(Short web captions)
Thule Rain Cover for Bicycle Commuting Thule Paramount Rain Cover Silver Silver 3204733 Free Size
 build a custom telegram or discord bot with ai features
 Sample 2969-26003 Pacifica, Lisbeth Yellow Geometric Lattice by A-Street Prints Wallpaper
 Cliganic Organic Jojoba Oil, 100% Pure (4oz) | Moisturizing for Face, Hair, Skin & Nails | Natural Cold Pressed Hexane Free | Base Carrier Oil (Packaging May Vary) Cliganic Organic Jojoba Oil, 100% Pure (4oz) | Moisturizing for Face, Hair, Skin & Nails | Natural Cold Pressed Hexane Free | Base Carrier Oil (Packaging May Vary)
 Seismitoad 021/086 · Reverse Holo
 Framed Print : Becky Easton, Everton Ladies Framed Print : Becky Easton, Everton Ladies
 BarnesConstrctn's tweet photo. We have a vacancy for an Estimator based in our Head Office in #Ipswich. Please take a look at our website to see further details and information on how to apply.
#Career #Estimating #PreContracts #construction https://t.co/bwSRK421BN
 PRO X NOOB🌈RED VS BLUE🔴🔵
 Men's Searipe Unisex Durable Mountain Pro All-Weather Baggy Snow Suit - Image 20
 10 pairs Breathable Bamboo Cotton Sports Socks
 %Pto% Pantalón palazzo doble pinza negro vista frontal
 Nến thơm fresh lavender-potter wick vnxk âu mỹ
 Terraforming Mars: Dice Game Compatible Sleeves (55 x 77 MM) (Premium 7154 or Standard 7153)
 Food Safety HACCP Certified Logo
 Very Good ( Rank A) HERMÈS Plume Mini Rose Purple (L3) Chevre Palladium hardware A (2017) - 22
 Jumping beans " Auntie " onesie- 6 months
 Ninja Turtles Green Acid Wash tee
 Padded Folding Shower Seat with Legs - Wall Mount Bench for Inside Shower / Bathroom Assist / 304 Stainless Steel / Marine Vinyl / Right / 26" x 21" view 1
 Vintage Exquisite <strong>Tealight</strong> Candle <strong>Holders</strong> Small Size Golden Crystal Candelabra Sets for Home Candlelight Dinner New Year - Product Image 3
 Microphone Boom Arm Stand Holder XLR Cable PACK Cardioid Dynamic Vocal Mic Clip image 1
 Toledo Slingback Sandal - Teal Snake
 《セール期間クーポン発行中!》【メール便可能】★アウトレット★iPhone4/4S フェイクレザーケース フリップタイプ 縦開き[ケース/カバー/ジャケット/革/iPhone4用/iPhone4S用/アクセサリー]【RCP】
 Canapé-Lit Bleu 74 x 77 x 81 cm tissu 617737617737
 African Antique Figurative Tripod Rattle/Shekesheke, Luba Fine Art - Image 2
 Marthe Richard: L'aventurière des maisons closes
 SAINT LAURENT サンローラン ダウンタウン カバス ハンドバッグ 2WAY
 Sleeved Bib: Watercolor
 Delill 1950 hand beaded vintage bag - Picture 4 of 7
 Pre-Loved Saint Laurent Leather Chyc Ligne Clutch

WHAT YOU ARE ASKED TO DO: In the entries, the line containing "Microphone Boom Arm" and every line after it through the last are to be duplicated exactly, and no other line is to be included.

RESPONSE FOR THIS EXERCISE:
 Microphone Boom Arm Stand Holder XLR Cable PACK Cardioid Dynamic Vocal Mic Clip image 1
 Toledo Slingback Sandal - Teal Snake
 《セール期間クーポン発行中!》【メール便可能】★アウトレット★iPhone4/4S フェイクレザーケース フリップタイプ 縦開き[ケース/カバー/ジャケット/革/iPhone4用/iPhone4S用/アクセサリー]【RCP】
 Canapé-Lit Bleu 74 x 77 x 81 cm tissu 617737617737
 African Antique Figurative Tripod Rattle/Shekesheke, Luba Fine Art - Image 2
 Marthe Richard: L'aventurière des maisons closes
 SAINT LAURENT サンローラン ダウンタウン カバス ハンドバッグ 2WAY
 Sleeved Bib: Watercolor
 Delill 1950 hand beaded vintage bag - Picture 4 of 7
 Pre-Loved Saint Laurent Leather Chyc Ligne Clutch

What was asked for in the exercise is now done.